## What this task involves:
Read through the listing below, and copy every line where the string "Обложка" appears.

Start of Block

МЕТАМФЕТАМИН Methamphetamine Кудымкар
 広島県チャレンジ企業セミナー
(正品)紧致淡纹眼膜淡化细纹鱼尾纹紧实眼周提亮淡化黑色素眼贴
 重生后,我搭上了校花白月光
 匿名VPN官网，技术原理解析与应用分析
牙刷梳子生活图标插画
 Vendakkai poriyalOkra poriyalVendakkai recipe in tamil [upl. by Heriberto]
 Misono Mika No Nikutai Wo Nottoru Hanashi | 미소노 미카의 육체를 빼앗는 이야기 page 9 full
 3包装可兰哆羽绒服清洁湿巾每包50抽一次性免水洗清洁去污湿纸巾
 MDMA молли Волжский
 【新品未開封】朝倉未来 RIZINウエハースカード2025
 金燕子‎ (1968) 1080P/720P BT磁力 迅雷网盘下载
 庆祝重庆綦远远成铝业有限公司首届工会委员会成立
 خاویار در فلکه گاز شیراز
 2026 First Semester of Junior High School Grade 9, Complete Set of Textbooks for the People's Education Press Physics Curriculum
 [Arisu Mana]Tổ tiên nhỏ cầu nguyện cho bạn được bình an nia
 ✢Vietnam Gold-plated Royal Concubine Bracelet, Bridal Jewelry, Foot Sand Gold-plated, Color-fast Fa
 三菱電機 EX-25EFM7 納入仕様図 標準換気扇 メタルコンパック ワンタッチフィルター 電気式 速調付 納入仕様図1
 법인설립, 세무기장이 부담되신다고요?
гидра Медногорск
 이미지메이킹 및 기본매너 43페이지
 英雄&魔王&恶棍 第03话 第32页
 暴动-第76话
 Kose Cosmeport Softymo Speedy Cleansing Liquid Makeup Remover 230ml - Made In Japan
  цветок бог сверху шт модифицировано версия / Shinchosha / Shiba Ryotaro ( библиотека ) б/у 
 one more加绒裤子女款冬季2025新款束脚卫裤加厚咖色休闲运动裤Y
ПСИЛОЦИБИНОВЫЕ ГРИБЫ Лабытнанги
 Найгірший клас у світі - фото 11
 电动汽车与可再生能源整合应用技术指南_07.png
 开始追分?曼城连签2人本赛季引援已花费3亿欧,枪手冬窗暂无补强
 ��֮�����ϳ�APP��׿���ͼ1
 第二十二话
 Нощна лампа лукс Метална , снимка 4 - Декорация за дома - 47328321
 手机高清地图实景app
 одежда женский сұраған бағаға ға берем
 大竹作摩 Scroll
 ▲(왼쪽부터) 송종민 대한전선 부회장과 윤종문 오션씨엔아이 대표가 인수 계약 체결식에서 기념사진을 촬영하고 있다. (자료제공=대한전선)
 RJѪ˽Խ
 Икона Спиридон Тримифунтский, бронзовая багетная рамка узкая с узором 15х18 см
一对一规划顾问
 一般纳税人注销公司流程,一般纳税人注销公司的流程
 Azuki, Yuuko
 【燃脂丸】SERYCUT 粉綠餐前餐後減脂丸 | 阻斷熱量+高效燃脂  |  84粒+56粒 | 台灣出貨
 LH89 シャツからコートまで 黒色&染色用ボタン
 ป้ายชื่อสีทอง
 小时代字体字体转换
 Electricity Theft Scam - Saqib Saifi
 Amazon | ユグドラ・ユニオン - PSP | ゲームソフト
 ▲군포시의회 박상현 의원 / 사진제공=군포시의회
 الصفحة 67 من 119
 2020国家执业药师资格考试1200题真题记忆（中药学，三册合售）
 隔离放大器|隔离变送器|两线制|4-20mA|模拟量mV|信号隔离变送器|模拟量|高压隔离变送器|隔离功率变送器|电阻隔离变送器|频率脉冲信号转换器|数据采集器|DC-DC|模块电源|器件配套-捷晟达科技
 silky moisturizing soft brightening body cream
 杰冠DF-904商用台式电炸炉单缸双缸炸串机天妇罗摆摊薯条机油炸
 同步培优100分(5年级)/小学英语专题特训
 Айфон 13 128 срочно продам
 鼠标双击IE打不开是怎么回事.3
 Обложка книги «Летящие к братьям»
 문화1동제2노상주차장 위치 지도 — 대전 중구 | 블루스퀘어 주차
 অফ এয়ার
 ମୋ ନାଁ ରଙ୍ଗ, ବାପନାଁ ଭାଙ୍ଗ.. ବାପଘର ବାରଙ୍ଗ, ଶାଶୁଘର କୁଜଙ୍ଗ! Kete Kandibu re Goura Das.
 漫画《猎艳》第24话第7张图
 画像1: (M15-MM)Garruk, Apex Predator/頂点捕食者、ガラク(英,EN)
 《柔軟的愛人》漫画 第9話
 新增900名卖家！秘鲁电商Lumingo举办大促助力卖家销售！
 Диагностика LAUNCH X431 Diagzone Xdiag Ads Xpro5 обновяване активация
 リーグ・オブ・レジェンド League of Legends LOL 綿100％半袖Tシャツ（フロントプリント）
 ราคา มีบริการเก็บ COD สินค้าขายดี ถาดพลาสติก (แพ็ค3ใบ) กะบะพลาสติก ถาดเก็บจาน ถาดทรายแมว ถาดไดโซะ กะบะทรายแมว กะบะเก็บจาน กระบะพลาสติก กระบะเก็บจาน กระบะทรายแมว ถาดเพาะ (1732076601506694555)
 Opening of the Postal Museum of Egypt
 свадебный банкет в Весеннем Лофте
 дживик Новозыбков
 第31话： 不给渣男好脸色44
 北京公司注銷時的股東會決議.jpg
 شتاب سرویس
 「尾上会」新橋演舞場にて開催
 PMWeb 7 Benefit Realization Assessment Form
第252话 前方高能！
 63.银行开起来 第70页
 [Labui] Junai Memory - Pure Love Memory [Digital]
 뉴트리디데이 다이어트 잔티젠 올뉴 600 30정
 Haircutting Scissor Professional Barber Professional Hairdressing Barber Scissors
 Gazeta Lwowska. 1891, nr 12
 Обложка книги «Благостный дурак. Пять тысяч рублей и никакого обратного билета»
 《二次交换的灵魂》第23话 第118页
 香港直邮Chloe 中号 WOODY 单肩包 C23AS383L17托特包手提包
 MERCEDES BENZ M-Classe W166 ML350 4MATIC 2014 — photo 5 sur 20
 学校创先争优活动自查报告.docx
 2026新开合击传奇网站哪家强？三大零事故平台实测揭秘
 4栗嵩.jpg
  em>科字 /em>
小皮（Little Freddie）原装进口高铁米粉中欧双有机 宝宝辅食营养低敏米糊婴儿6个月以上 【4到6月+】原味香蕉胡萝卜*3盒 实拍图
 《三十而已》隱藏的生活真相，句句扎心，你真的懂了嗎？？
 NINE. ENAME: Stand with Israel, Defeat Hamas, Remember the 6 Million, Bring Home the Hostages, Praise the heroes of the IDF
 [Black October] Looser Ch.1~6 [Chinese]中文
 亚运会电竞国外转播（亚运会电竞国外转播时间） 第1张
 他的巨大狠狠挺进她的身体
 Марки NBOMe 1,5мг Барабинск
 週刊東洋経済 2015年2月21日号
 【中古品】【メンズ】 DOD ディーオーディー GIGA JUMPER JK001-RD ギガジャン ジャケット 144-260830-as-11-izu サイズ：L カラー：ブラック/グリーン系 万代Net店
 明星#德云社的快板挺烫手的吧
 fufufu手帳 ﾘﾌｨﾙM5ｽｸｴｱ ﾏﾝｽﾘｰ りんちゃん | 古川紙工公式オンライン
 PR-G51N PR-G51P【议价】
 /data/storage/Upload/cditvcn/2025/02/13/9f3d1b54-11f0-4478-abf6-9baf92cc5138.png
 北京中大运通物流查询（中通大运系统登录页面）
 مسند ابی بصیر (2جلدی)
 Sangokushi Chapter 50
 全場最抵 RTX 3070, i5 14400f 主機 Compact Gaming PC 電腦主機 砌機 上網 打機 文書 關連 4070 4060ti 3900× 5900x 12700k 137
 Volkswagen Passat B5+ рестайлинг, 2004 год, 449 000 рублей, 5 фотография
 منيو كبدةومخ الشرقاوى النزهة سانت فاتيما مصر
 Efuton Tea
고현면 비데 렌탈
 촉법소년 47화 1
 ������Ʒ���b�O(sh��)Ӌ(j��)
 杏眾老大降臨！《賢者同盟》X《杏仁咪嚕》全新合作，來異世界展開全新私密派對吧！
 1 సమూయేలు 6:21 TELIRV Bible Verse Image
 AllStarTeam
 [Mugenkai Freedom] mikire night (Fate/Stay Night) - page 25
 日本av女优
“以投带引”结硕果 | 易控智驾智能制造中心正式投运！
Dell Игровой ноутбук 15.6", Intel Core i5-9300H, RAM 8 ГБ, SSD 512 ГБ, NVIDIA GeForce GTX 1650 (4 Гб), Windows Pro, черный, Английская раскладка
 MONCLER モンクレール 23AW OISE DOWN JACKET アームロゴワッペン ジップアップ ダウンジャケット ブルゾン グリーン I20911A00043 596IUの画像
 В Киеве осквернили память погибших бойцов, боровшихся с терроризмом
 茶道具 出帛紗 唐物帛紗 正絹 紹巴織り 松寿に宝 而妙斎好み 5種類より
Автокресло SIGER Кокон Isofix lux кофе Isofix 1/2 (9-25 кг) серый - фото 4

End of Block

## Solution to this exercise:
 Обложка книги «Летящие к братьям»
 Обложка книги «Благостный дурак. Пять тысяч рублей и никакого обратного билета»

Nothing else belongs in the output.